Setting Up a Focus Ritual for Deep Work

By the Twinfold Journal July 2026 1 min read
A stitched notebook

People treat deep work like a test of character — as if you either have the discipline or you don't. In my experience it's far more about setup than willpower. Give your brain a reliable signal that says “we're focusing now,” and it tends to follow. A focus ritual is just building that signal on purpose, then repeating it until it runs itself.

Here's the one I've settled on. Steal the parts that fit; ignore the rest.

Clear the surface to one thing

Before anything else, I clear the desk down to a single task.

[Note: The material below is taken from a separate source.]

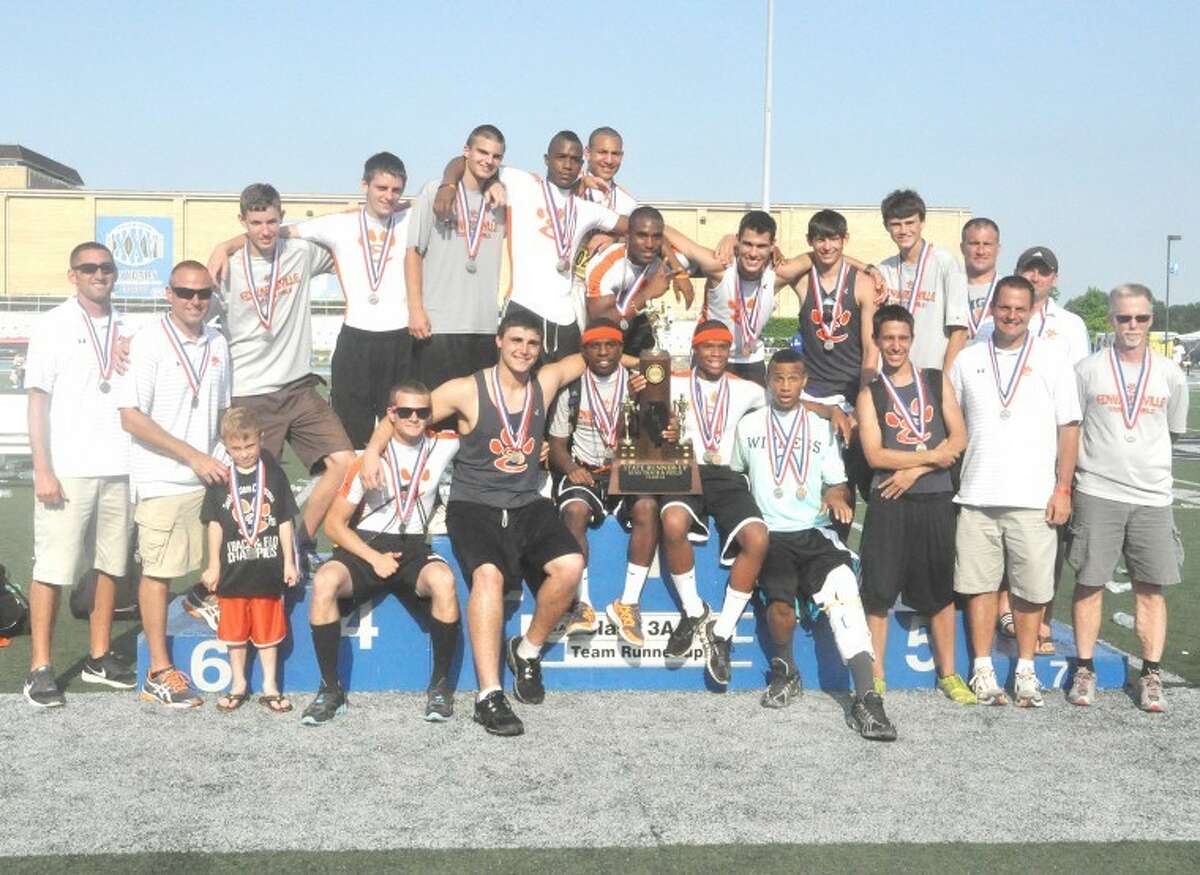 The EHS boys’ track and field team shows off their Class 3A second place trophy at Eastern Illinois University on May 26.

Not a tidy-the-whole-room project — just everything out of sight except the one thing I'm about to do, with it written at the top of a fresh page in front of me. A blank page is an invitation; a cluttered screen with fourteen tabs open is a trap. Parking the stray thoughts on paper first stops them tugging at me halfway through.

Open with a drink, on purpose

The move that made the ritual stick was giving it a clear opening. I make a drink — and crucially, the block doesn't start until the drink is made. It's a small piece of theatre, and it works: after a week or two your brain reads “kettle on, mug filled” as “focus starts now.” Tea does this nicely because you have to wait for it, so I'll often brew one in a glass infuser mug and watch it steep for a minute before I begin. A calmer coffee, or a cup of something earthier, does the same job if that's more your speed.

Mark the edges with light

The last piece is the most low-tech, and the one people are most sceptical about until they try it: I light a candle when the block begins and blow it out when it ends. That's the whole trick. It gives a session a beginning and an end you can actually see, which turns out to matter far more than any timer buzzing at you. When the flame's out, work's out — and I don't let one task bleed into the next.

Then do it the same way every time

None of these props is magic on its own. The magic is the repetition. Clear the desk, write the task, make the drink, light the candle, phone in another room — the same short sequence, in the same order, until your brain stops needing to be convinced and simply settles in. After a week the ritual does the hard part for you, and “getting started” stops being the daily battle it used to be.

Start tomorrow with one block. Keep it small — twenty-five minutes is plenty. The point isn't to grind for hours; it's to teach yourself that focus has an on-switch, and that you're the one who flips it.